§ **Instructions for the task**
Return all entries verbatim; skip any pictures.

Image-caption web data
______

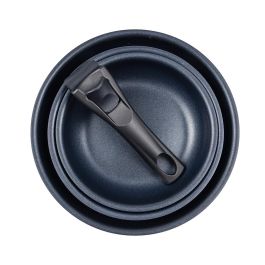 San Ignacio Bg - 31607 - bk Set 3 sartenes Click & Cook de aluminio prensado Ø18/20/24 cm, mango desmontable, aptas para inducción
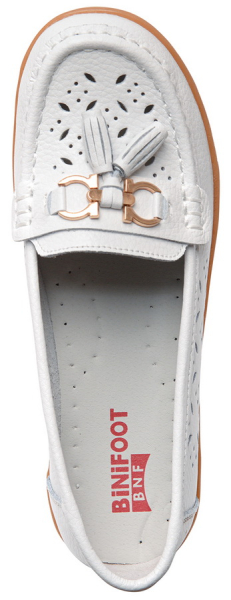 ЖЕНСКИЕ МОКАСИНЫ НАТУРАЛЬНАЯ КОЖА BINIFOOT/BNF ТАЙВАНЬ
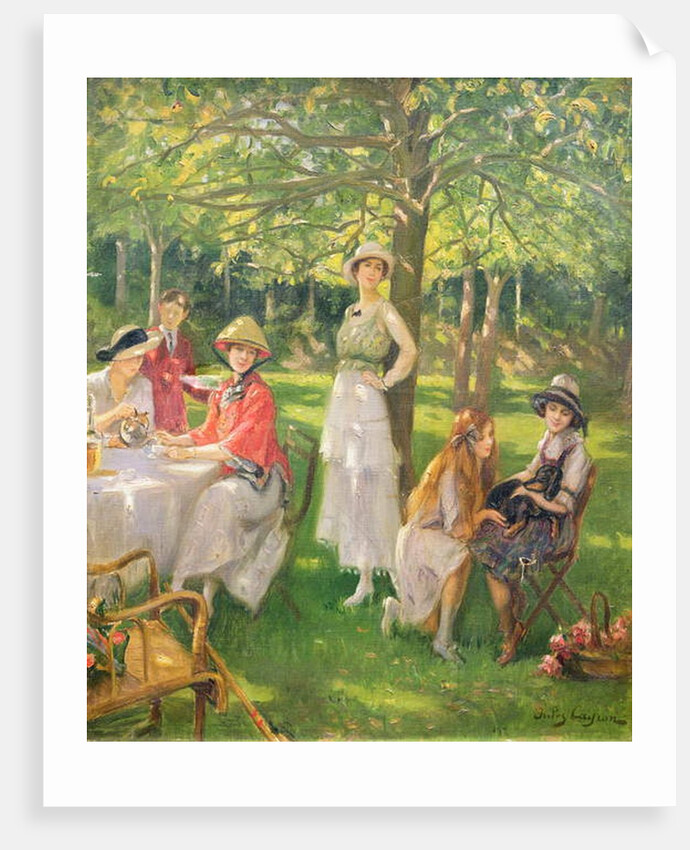 The Tea Party by Jules Cayron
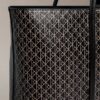 Bolso tote con el logotipo del emblema en toda la superficie y bolsillo Bolso tote con el logotipo del emblema en toda la superficie y bolsillo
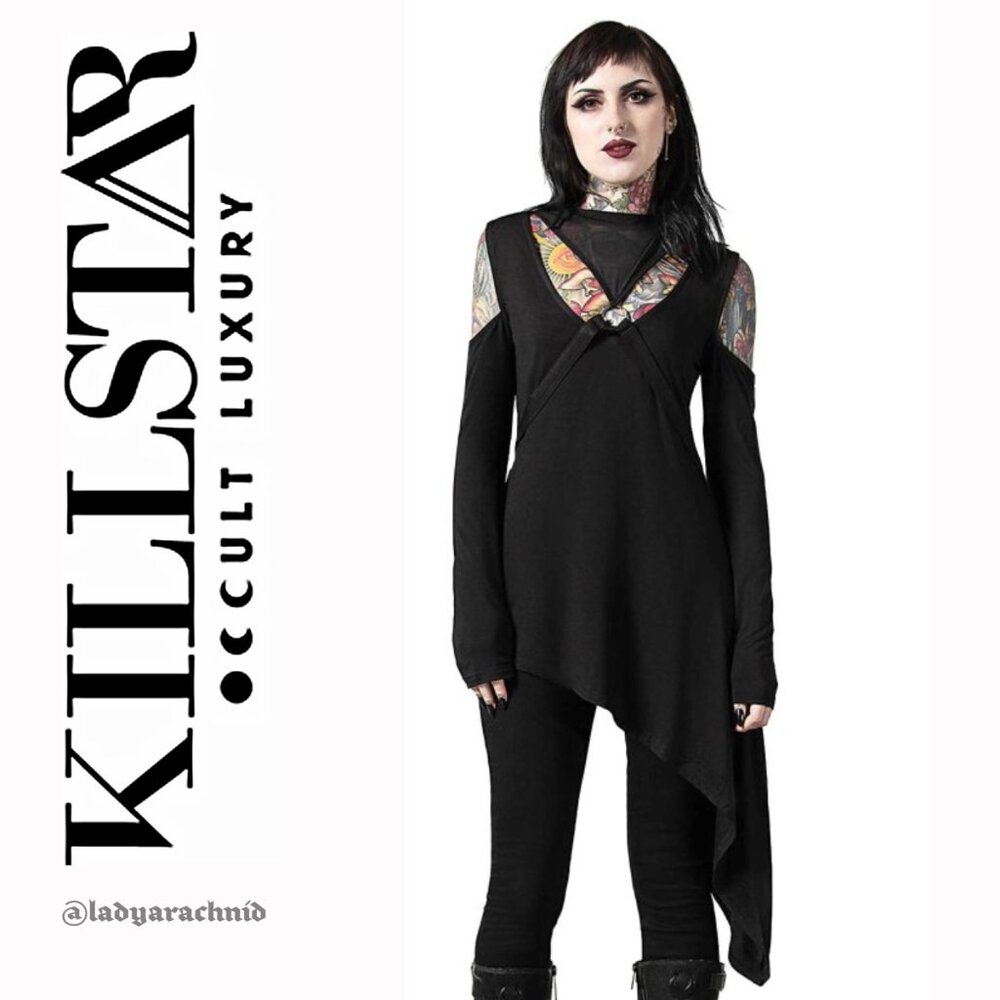 Killstar Black Asymmetrical Blouse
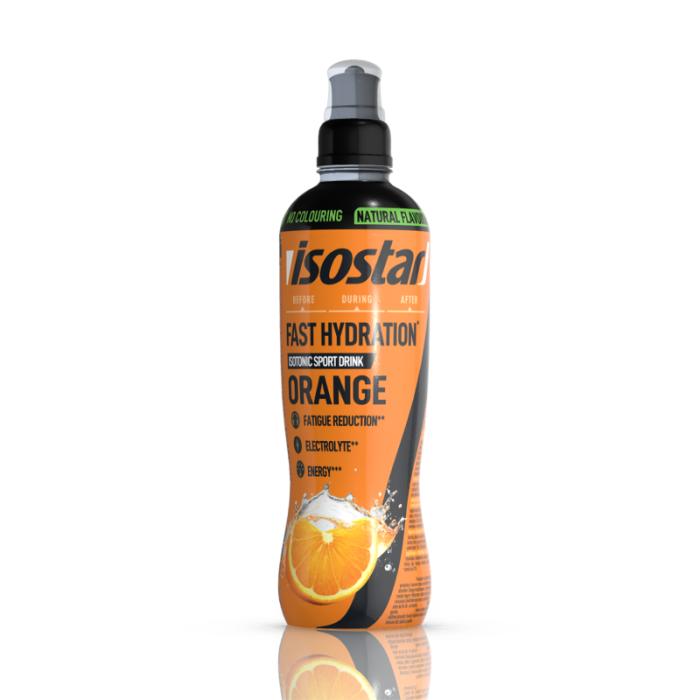 ISOSTAR Fast Hydration Orange izotoniskais dzēriens 500ml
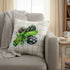 White Green Artichoke Waffled Throw Pillow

______

§ **Problem solution**
 San Ignacio Bg - 31607 - bk Set 3 sartenes Click & Cook de aluminio prensado Ø18/20/24 cm, mango desmontable, aptas para inducción
 ЖЕНСКИЕ МОКАСИНЫ НАТУРАЛЬНАЯ КОЖА BINIFOOT/BNF ТАЙВАНЬ
 The Tea Party by Jules Cayron
 Bolso tote con el logotipo del emblema en toda la superficie y bolsillo Bolso tote con el logotipo del emblema en toda la superficie y bolsillo
 Killstar Black Asymmetrical Blouse
 ISOSTAR Fast Hydration Orange izotoniskais dzēriens 500ml
 White Green Artichoke Waffled Throw Pillow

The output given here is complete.